#### [Material provided]
* * * *
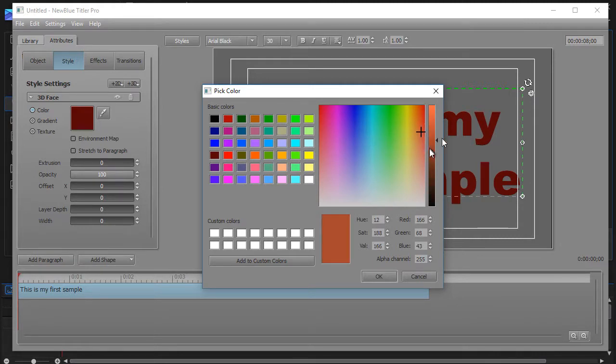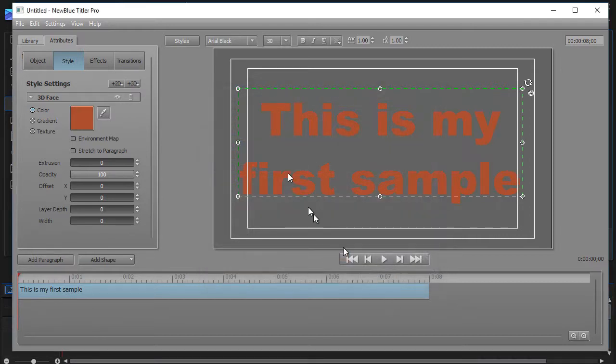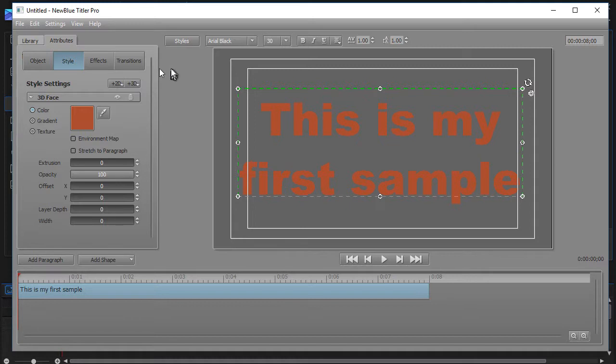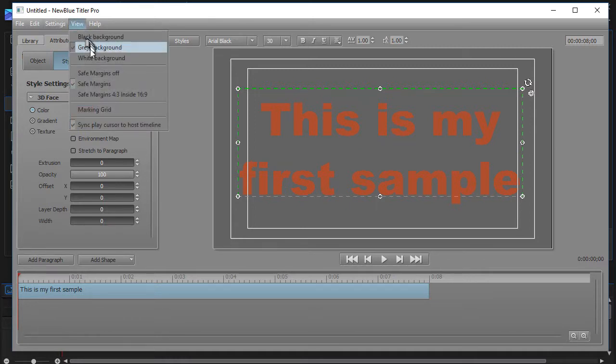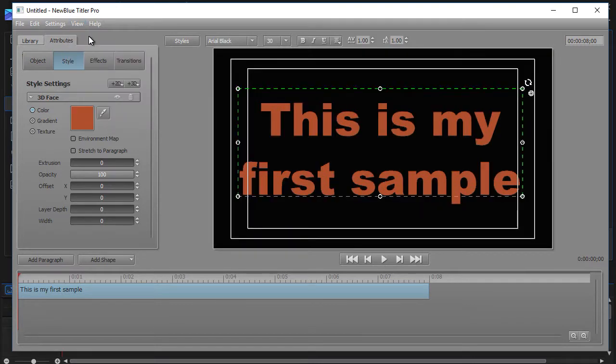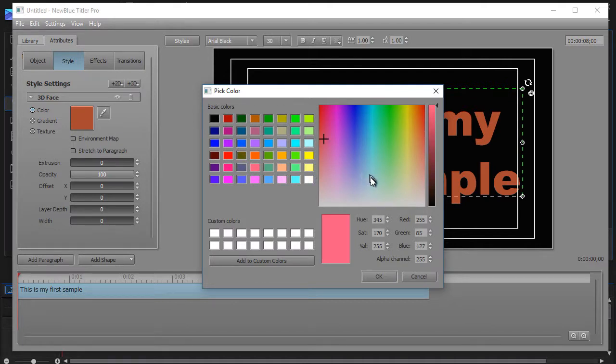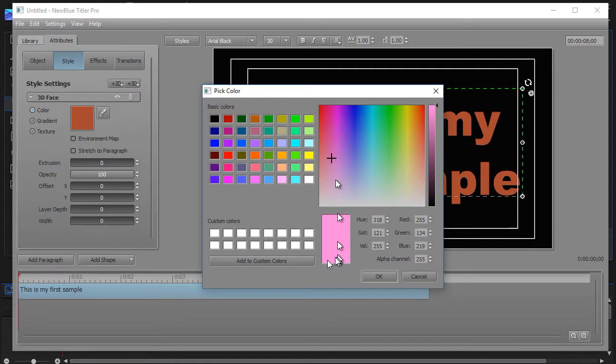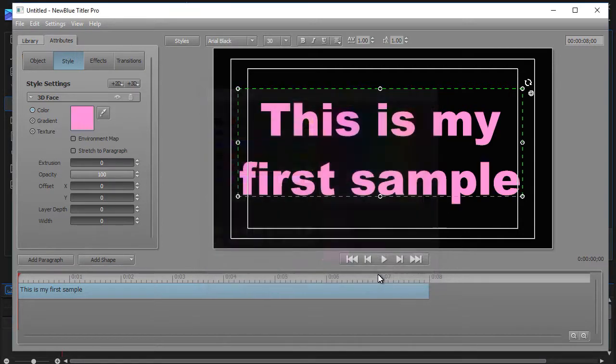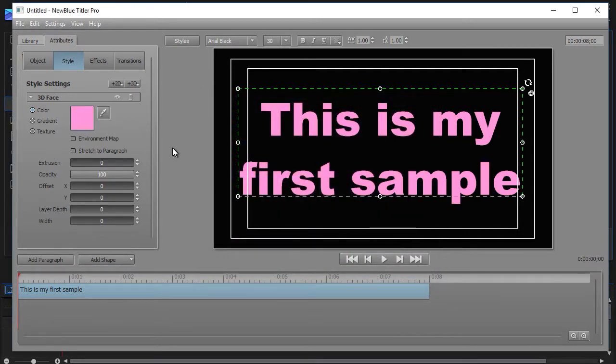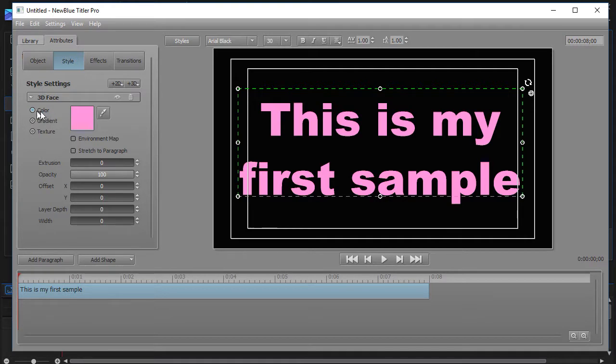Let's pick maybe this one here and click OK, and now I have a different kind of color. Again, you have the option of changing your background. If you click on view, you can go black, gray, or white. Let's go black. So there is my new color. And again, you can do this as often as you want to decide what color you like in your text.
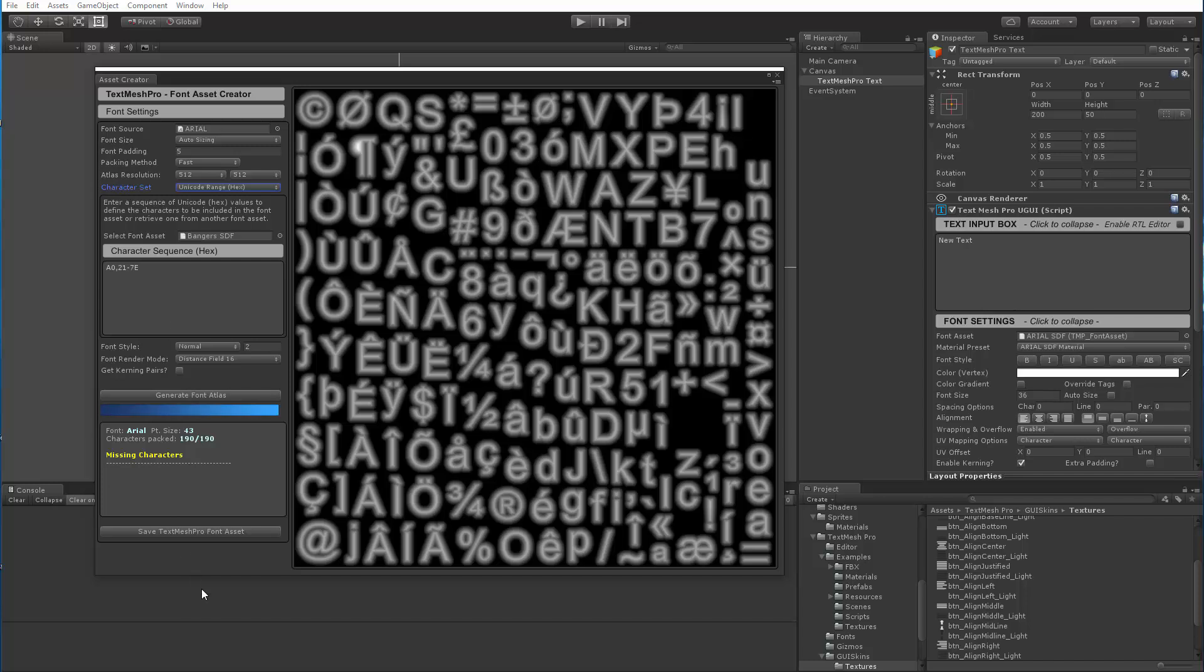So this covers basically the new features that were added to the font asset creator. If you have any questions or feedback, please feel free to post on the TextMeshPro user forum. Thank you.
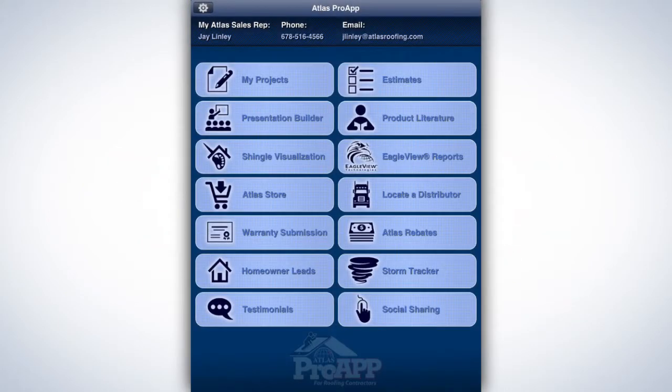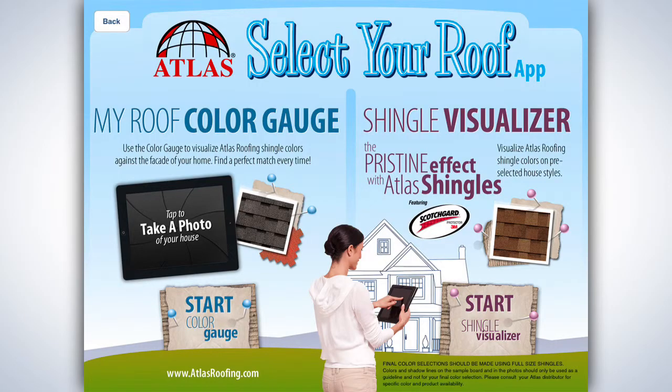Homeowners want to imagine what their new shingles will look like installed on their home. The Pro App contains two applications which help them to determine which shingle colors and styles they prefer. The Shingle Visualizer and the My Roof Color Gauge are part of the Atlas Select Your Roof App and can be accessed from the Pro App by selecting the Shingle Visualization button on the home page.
* * * *
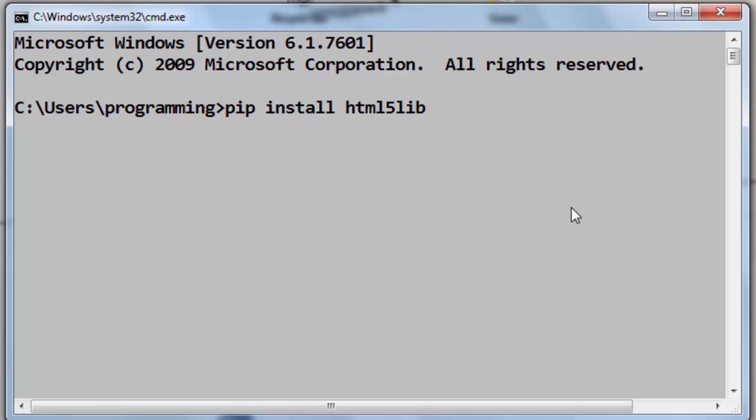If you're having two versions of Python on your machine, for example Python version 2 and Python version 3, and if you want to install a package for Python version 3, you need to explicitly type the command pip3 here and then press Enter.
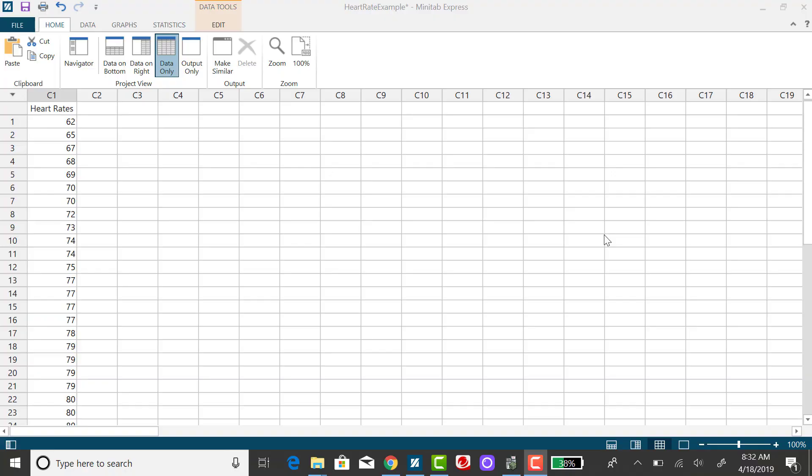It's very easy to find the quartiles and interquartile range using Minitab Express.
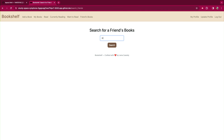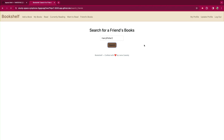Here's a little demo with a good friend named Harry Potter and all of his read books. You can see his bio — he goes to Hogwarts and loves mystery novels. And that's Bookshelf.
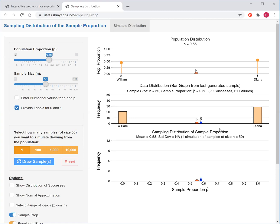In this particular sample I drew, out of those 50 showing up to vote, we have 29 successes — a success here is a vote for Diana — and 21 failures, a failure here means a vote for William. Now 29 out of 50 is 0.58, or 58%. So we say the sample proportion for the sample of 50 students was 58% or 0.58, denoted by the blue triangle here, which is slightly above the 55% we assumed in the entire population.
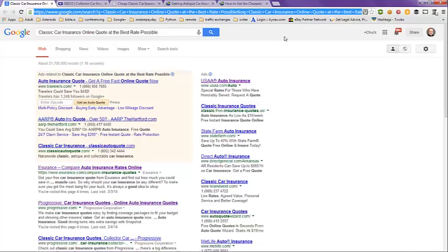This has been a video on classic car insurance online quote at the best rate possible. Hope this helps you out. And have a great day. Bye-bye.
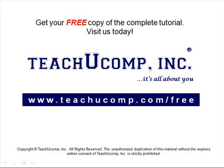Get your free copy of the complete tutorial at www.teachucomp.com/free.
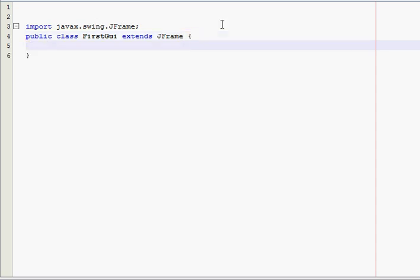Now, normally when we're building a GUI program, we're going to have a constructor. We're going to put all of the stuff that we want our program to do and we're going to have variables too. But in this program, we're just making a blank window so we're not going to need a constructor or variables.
* * * *
#### [Exercise]
Beginning with the line that contains "Let's pick maybe", write out the lines of the material above exactly, and end with the line that contains "So this covers". Omit the pictures.

#### [Response to the exercise]
Let's pick maybe this one here and click OK, and now I have a different kind of color. Again, you have the option of changing your background. If you click on view, you can go black, gray, or white. Let's go black. So there is my new color. And again, you can do this as often as you want to decide what color you like in your text.
So this covers basically the new features that were added to the font asset creator. If you have any questions or feedback, please feel free to post on the TextMeshPro user forum. Thank you.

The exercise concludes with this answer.